Your task:
Look through the records below for the line with "Windsor Denim Jacket". Return that line and each one after it up to and including the line with "Handmade Hairpin,japanese Kanzashi", exactly.

Provided data:
****************
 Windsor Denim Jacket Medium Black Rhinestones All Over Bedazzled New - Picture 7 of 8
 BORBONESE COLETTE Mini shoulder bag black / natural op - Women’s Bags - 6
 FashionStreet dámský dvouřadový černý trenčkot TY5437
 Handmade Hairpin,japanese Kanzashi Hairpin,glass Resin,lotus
****************
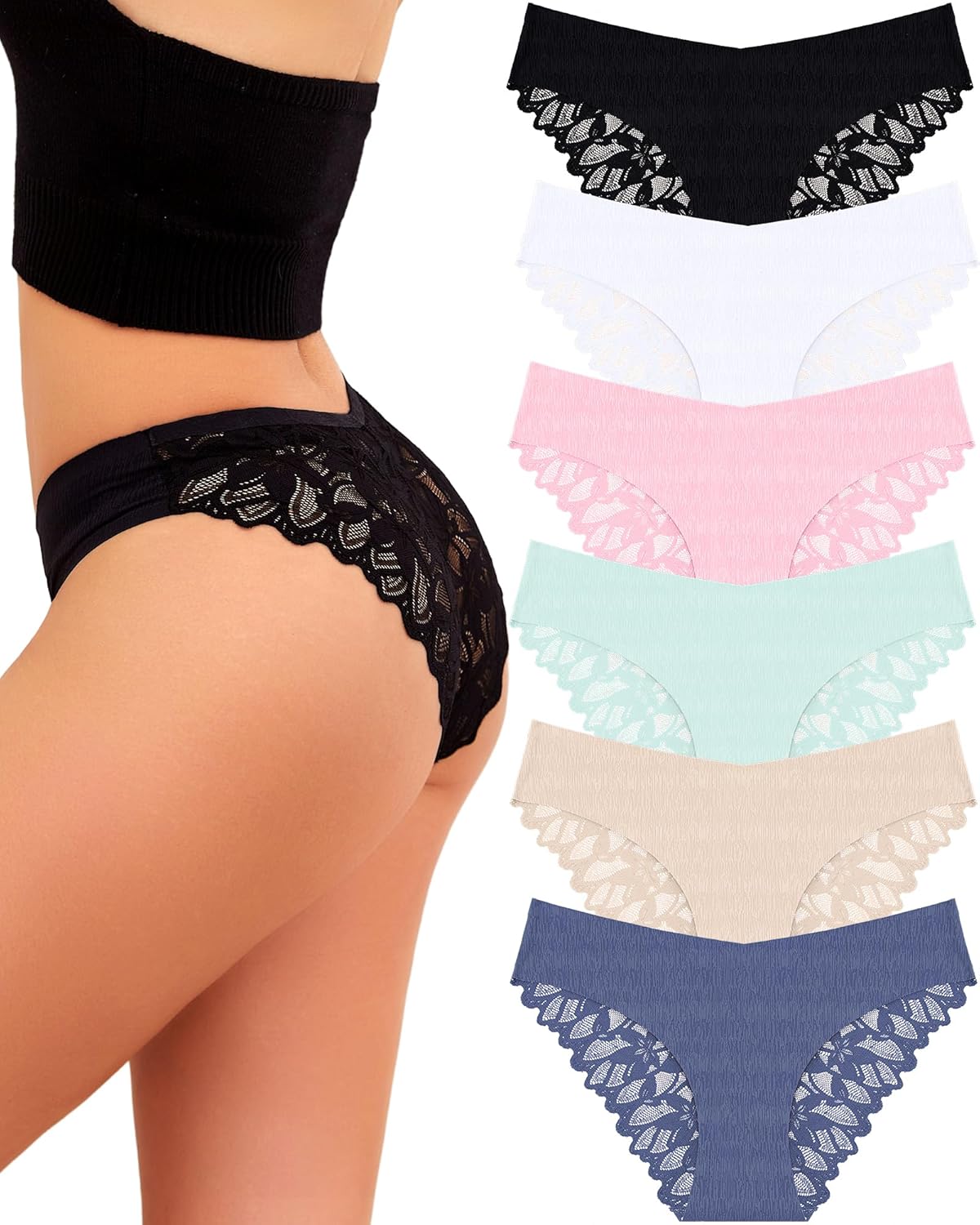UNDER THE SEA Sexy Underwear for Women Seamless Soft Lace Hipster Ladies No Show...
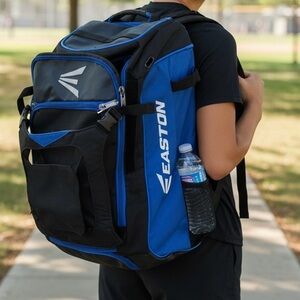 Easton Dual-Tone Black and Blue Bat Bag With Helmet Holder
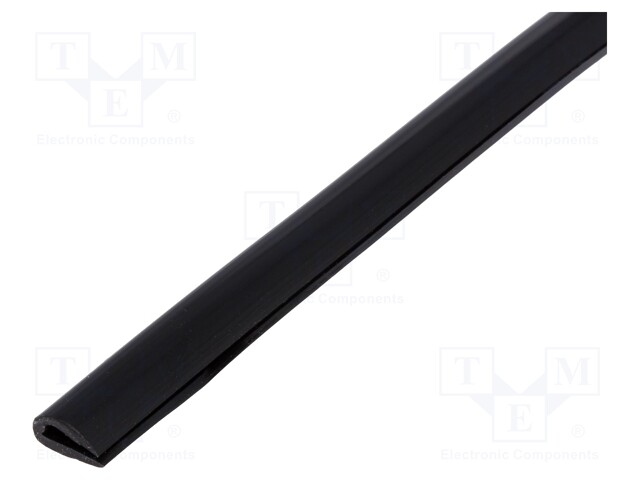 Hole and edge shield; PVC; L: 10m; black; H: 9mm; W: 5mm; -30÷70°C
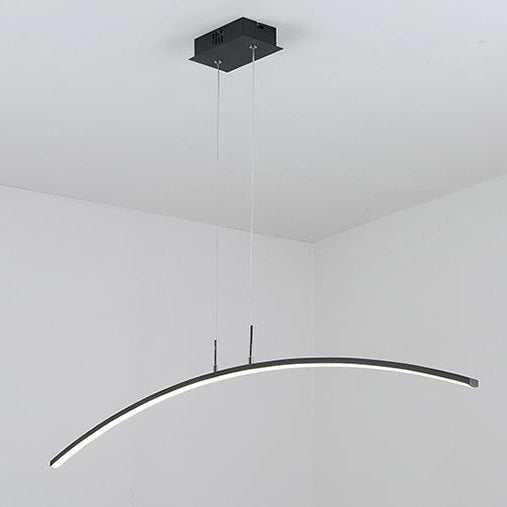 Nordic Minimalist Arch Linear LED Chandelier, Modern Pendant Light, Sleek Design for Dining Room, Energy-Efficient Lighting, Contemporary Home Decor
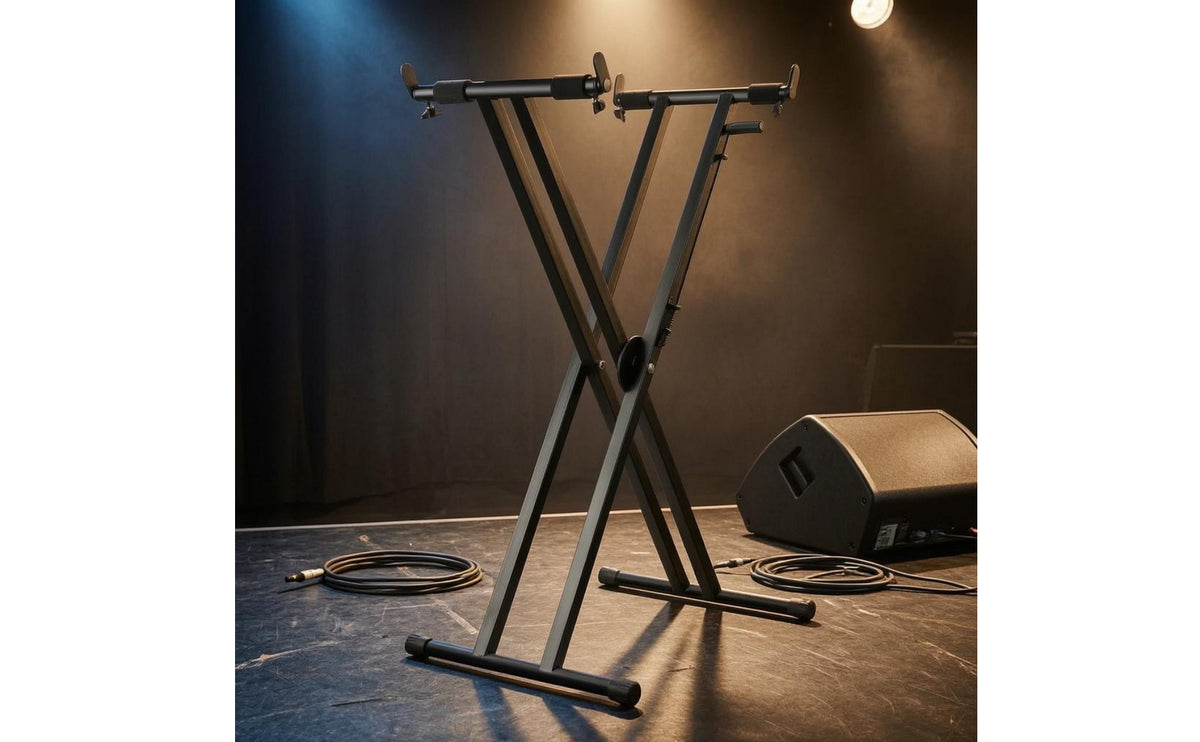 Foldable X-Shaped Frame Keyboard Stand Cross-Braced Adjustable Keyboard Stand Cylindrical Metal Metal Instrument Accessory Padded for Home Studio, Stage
****************
Output below:
 Windsor Denim Jacket Medium Black Rhinestones All Over Bedazzled New - Picture 7 of 8
 BORBONESE COLETTE Mini shoulder bag black / natural op - Women’s Bags - 6
 FashionStreet dámský dvouřadový černý trenčkot TY5437
 Handmade Hairpin,japanese Kanzashi Hairpin,glass Resin,lotus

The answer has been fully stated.